- [Brief]
Copy out the whole listing exactly as given. Skip the pictures.

- [Information supplied]

◆ ◆ ◆ ◆

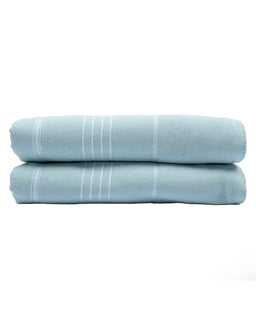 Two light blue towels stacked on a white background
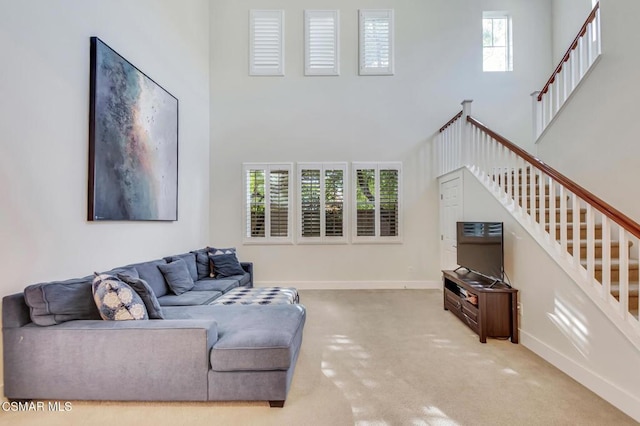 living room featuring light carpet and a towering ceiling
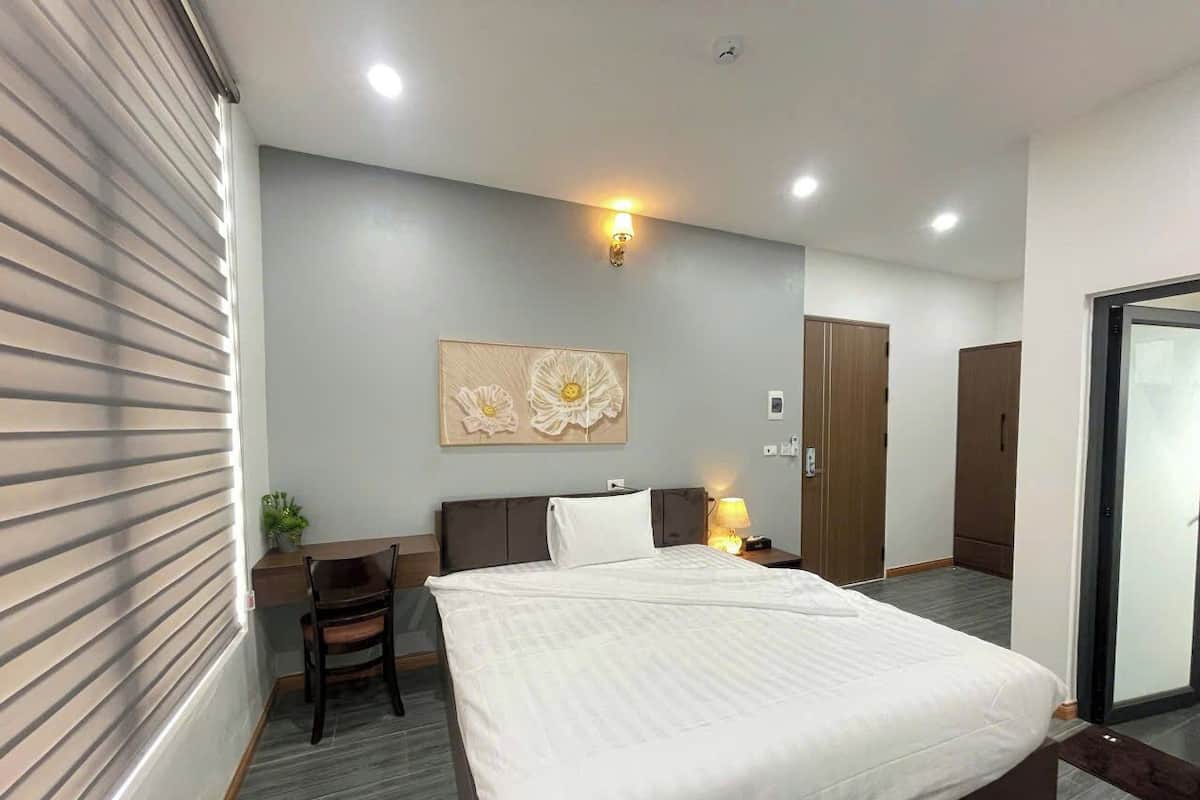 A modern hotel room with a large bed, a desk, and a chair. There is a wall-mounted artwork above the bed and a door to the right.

◆ ◆ ◆ ◆

- [Your solution]
 Two light blue towels stacked on a white background
 living room featuring light carpet and a towering ceiling
 A modern hotel room with a large bed, a desk, and a chair. There is a wall-mounted artwork above the bed and a door to the right.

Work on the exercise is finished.